(Exercise goal) Line by line, print the records exactly as they are, dropping the pictures.

(Data for this exercise)
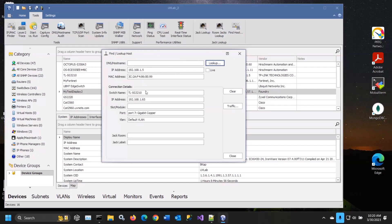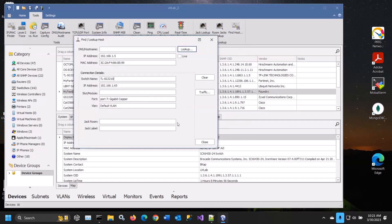This will tell you exactly which port that device is connected to - the switch, IP, port, and VLAN. If we were tied into Patch Manager reporting, you'd see the jack and room where that device is located.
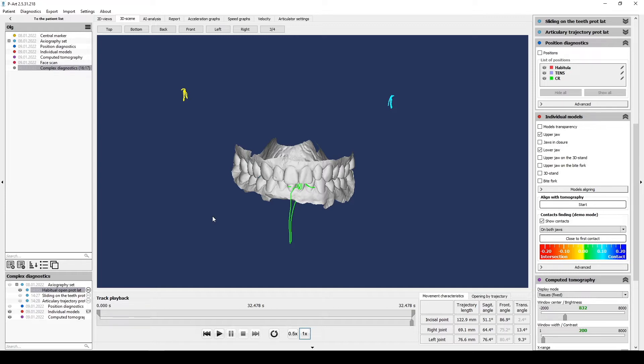First of all, we need to record mouth opening and closing, protrusion, left and right lateral trusion.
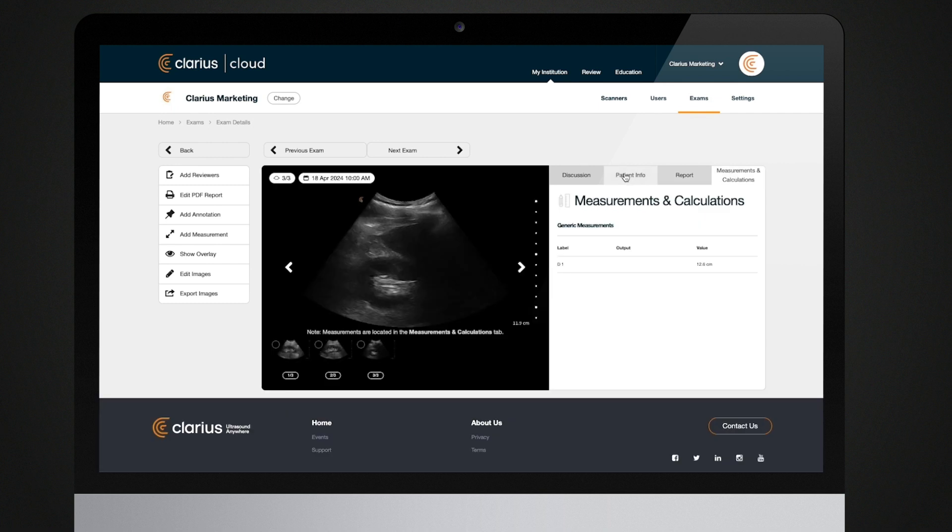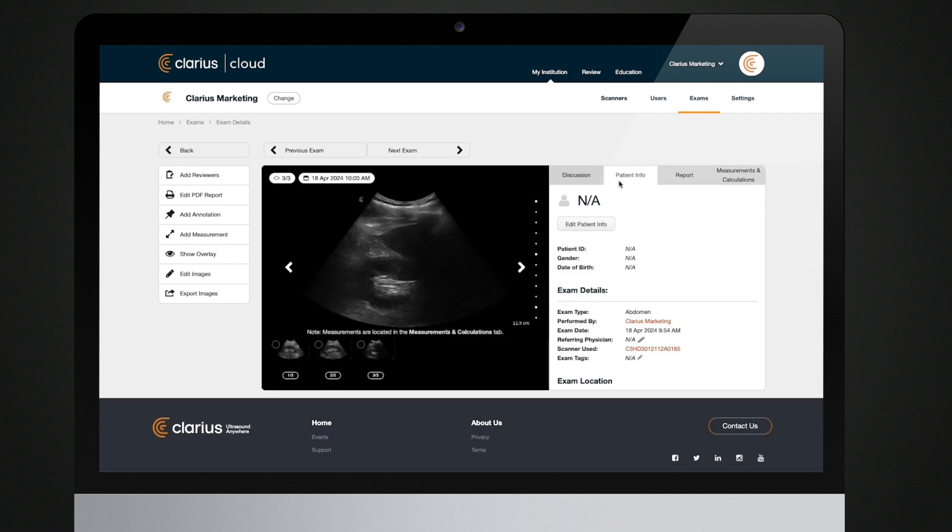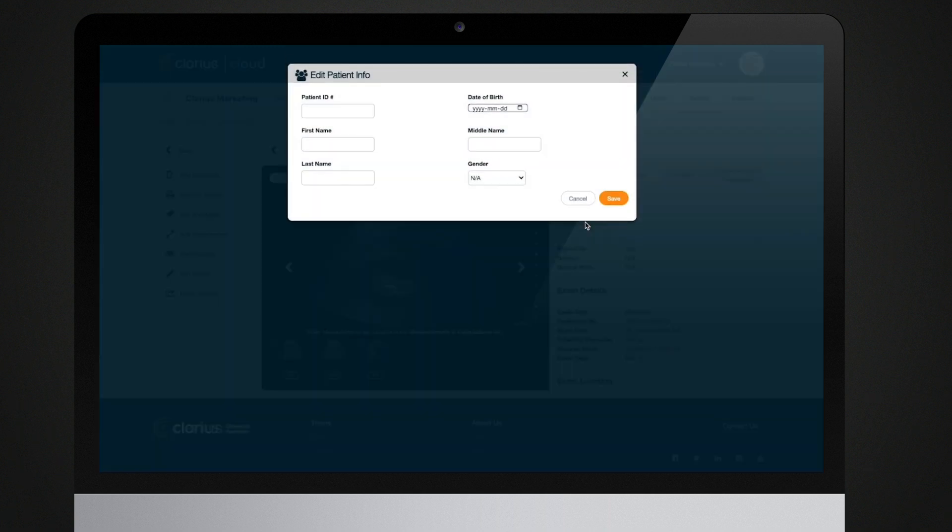If you don't fill in the patient details while using the app, you can do that now. Click on the Enter Patient ID to attach a patient to this exam.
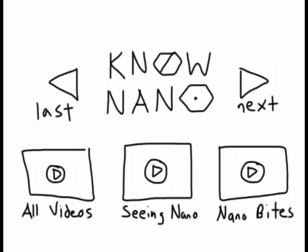Here are links to the entire Seeing Nano series, the entire Nanobytes series, and all of the videos on this channel. See you next time!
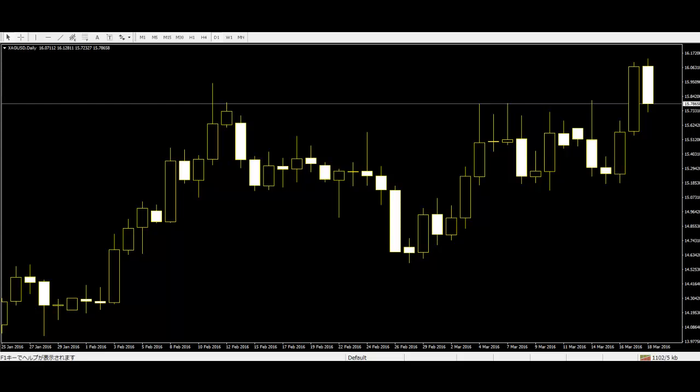Price action trading is a common term in the Forex market. It is a form of technical analysis that uses candles on a chart which represent data. This data shows what the market has been doing for the specified time range.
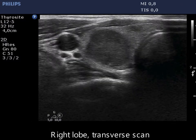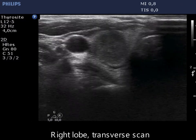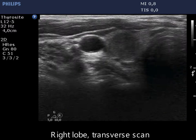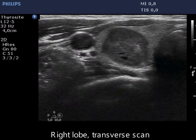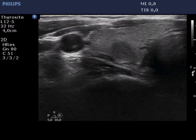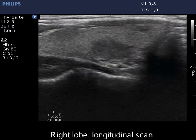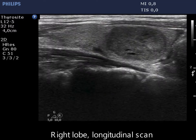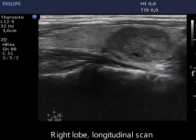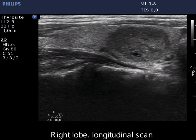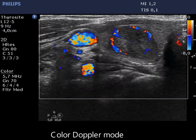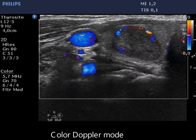There is a hypochogenic mass in the right lobe which presents undulation in the surface. The nodule displays paranodular blood flow.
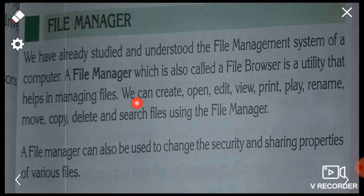We can create, open, edit, view, print, play, rename, move, copy, delete and set files using the file manager.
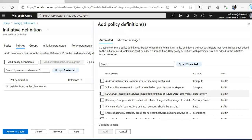An Azure policy is a single policy, but when there is a collection of Azure policy definitions or rules working together toward a specific goal — such as a security initiative containing all security-related policy definitions — that collection is called an initiative. Similarly, a security initiative defines the desired configuration of your workload and helps ensure you are complying with the security requirements of your company or regulators. Default initiatives are automatically assigned to every subscription.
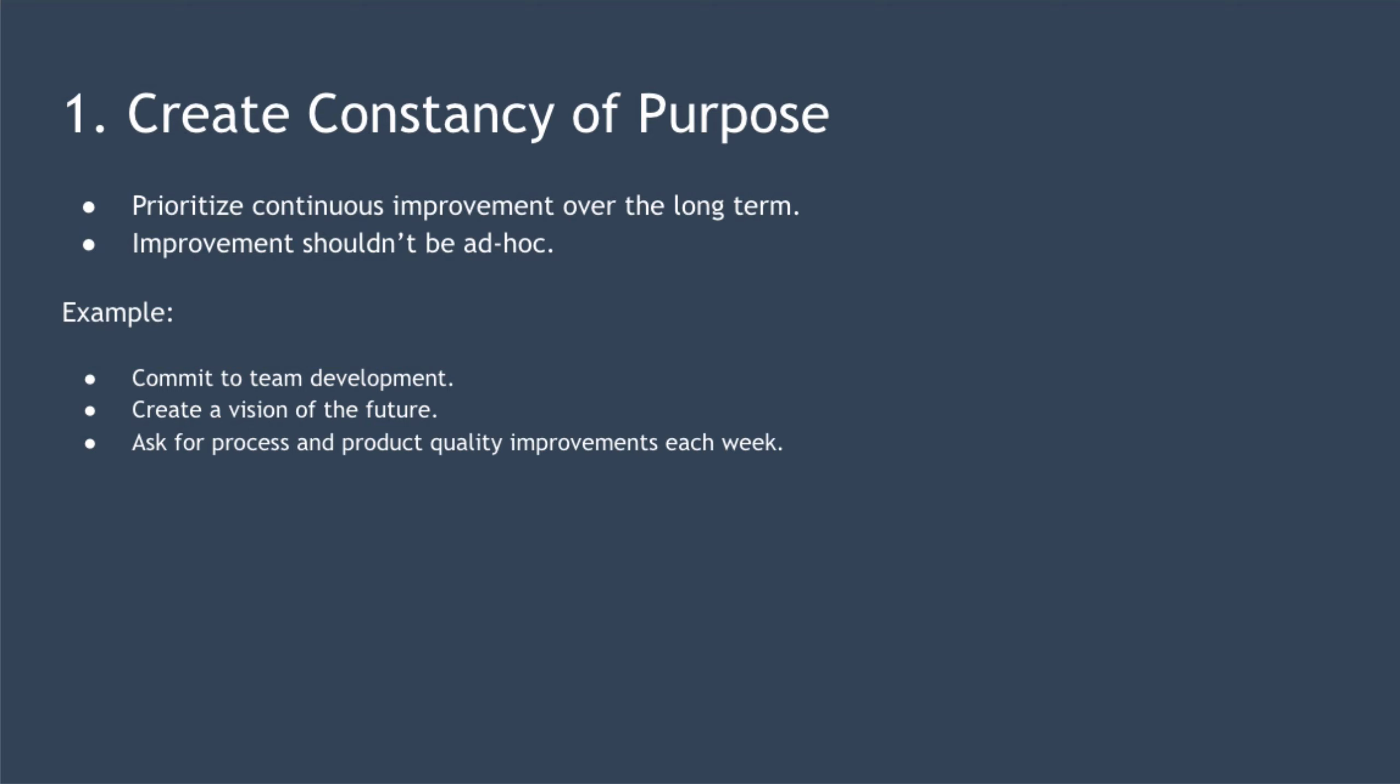The first point is create constancy of purpose. This is about prioritizing continuous improvement over the long term. Improvement isn't just something you should do ad hoc when it suits you. It should be one of your highest priorities. Doing what you're doing now, only a bit better, is all well and good. The constancy of purpose is about committing to allocate permanent resources to long term improvement. Here are some examples. You could commit to developing your team on an ongoing basis, create a vision of the future and make sure every employee knows about this vision, and ask for process improvements and product quality improvements every week from your team.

(Solved exercise)
This will tell you exactly which port that device is connected to - the switch, IP, port, and VLAN. If we were tied into Patch Manager reporting, you'd see the jack and room where that device is located.
First of all, we need to record mouth opening and closing, protrusion, left and right lateral trusion.
If you don't fill in the patient details while using the app, you can do that now. Click on the Enter Patient ID to attach a patient to this exam.
Here are links to the entire Seeing Nano series, the entire Nanobytes series, and all of the videos on this channel. See you next time!
Price action trading is a common term in the Forex market. It is a form of technical analysis that uses candles on a chart which represent data. This data shows what the market has been doing for the specified time range.
There is a hypochogenic mass in the right lobe which presents undulation in the surface. The nodule displays paranodular blood flow.
We can create, open, edit, view, print, play, rename, move, copy, delete and set files using the file manager.
An Azure policy is a single policy, but when there is a collection of Azure policy definitions or rules working together toward a specific goal — such as a security initiative containing all security-related policy definitions — that collection is called an initiative. Similarly, a security initiative defines the desired configuration of your workload and helps ensure you are complying with the security requirements of your company or regulators. Default initiatives are automatically assigned to every subscription.
The first point is create constancy of purpose. This is about prioritizing continuous improvement over the long term. Improvement isn't just something you should do ad hoc when it suits you. It should be one of your highest priorities. Doing what you're doing now, only a bit better, is all well and good. The constancy of purpose is about committing to allocate permanent resources to long term improvement. Here are some examples. You could commit to developing your team on an ongoing basis, create a vision of the future and make sure every employee knows about this vision, and ask for process improvements and product quality improvements every week from your team.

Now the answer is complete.